Why practice makes perfect in education

24 October 2016

‘Traditional’ approaches to learning should not be abandoned, as they are based on key findings from cognitive science, a Cambridge Assessment event has heard. Rote learning, homework, textbooks, times tables and phonics all ensure children acquire fluency and ‘automaticity’ in basic skills. These are the prerequisites for higher order, ‘analytic’ thinking, Dr Helen Abadzi, an expert in cognitive psychology and neuroscience with 27 years’ experience at the World Bank, told a Cambridge Assessment Network seminar.

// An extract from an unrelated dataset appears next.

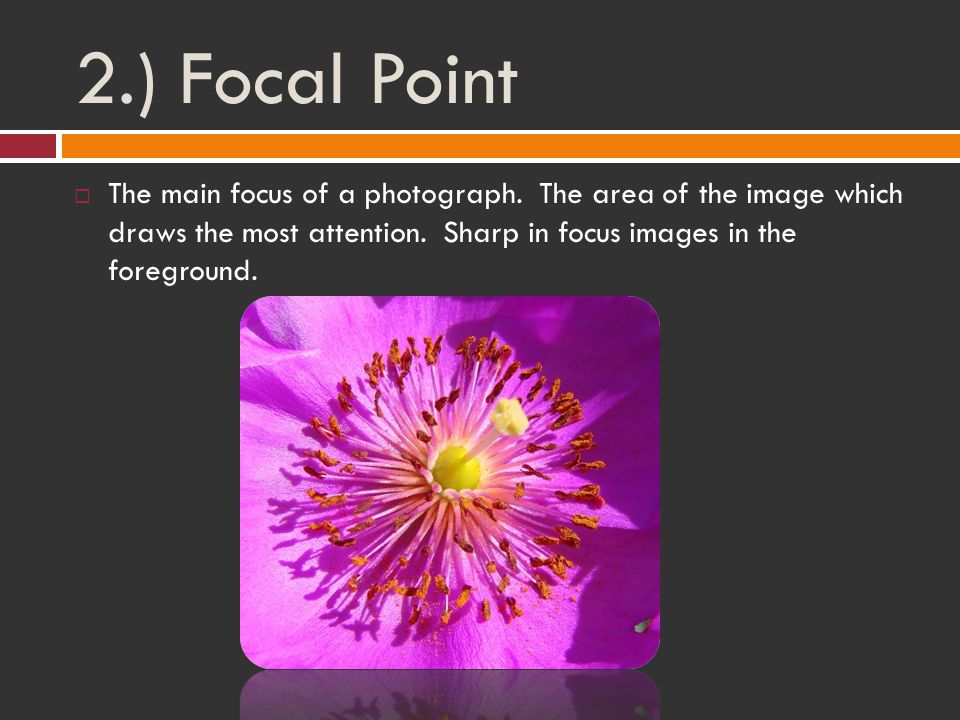 2.) Focal Point  The main focus of a photograph.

Dr Abadzi argued that all people are “basically prisoners to their working memory”, which contains what is in their minds at any given moment. It lasts only a few seconds, so information must go through it very rapidly or it gets lost. If people read or calculate slowly, they cannot remember what they saw and cannot make good decisions, she said. When people practise a task like mental arithmetic, it becomes automatic and unconscious, freeing up space in the working memory for more complex calculations.

Dr Abadzi, who was speaking at a seminar which was part of the Cambridge Festival of Ideas, criticised calls by some in progressive education to ban homework, textbooks and times tables. She said there was a reason that some elements of traditional methods of teaching had stood the test of time – they help the brain remember and make correct decisions.

“’Traditional’ means we’ve been doing it for two, three, five centuries - it’s actually a good indication that it works because our memory system can do this stuff,” she said.

“People may not like methods like direct instruction - ‘repeat after me’ - but they help students remember over the long term. A class of children sitting and listening is viewed as a negative thing, yet lecturing is highly effective for brief periods.” 

Dr Abadzi said it was important that parents, students and teachers understood the benefits of practice. She said that working memory is like the neck of a bottle, whose body is long-term memory. Knowledge must go through this bottleneck fast or it gets lost. To add knowledge into our long-term memory multiple repetitions are needed, spaced over time. 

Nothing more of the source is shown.